Vatican City, Apr 3, 2010 / 10:40 am
Vatican Press Office Director, Fr. Federico Lombardi, has issued a statement regarding a story released on Holy Saturday by the Associated Press as “breaking news,” implying that Cardinal Joseph Ratzinger, as Prefect of the Congregation for the Doctrine of the Faith, failed to act promptly in the case of Rev. Michael Teta of the Diocese of Tucson, Arizona.

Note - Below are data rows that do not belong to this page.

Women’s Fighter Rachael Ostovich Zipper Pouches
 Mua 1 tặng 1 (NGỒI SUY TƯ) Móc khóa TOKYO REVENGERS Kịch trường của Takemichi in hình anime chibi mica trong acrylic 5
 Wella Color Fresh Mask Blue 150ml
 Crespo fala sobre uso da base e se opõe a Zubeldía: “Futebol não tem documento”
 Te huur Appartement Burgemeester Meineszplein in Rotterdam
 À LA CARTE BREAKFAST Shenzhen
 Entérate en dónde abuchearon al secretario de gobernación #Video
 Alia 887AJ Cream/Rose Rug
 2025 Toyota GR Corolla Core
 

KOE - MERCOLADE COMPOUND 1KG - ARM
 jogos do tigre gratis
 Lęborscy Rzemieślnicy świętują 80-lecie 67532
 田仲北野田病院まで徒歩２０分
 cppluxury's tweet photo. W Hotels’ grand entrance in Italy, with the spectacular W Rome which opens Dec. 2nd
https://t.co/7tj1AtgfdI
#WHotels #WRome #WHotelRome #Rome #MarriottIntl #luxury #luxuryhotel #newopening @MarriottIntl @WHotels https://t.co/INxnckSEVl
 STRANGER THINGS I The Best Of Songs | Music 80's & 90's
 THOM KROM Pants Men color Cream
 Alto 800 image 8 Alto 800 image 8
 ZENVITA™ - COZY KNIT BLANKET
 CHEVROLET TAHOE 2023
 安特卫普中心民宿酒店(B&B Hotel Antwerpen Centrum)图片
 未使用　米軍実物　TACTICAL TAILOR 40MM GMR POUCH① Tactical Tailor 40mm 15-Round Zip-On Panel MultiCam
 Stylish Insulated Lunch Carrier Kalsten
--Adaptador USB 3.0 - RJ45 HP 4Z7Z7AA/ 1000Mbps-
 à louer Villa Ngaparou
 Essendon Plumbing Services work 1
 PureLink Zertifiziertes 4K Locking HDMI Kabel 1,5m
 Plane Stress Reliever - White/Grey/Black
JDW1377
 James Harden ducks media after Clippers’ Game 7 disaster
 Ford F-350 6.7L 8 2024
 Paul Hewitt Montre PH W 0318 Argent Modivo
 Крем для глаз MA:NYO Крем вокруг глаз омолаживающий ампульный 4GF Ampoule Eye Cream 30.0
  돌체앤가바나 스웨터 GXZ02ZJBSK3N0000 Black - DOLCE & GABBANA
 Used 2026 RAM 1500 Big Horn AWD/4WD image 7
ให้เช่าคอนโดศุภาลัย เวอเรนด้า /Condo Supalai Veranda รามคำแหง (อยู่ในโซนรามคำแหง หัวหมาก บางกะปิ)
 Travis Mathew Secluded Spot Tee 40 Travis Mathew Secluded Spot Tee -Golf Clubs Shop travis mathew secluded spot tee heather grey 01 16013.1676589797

The Associated Press wrote that documents it reviewed show “members of a church tribunal found that the Rev. Michael Teta of Tucson (sic), Ariz., had molested children and deemed his behavior — including allegations that he abused boys in a confessional — almost ‘satanic.’ The tribunal referred his case to then-Cardinal Joseph Ratzinger, who would become Pope in 2005. But it took 12 years from the time Ratzinger assumed control of the case in a signed letter until Teta was formally removed from ministry, a step only the Vatican can take.”
“As abuse cases with the pontiff's fingerprints mushroom, Teta's case and that of another Arizona priest cast further doubt on the church's insistence that the future pope played no role in shielding pedophiles,” the AP reported, without confirming the information with the Vatican press office.
In his response to the AP and a similar story published in the Arizona Daily Star, Fr. Lombardi said that “much of the reporting has been misleading;” and explained that “the Diocese of Tucson contacted the Congregation for the Doctrine of the Faith regarding the case, because it regarded the canonical crime of solicitation in the confessional.”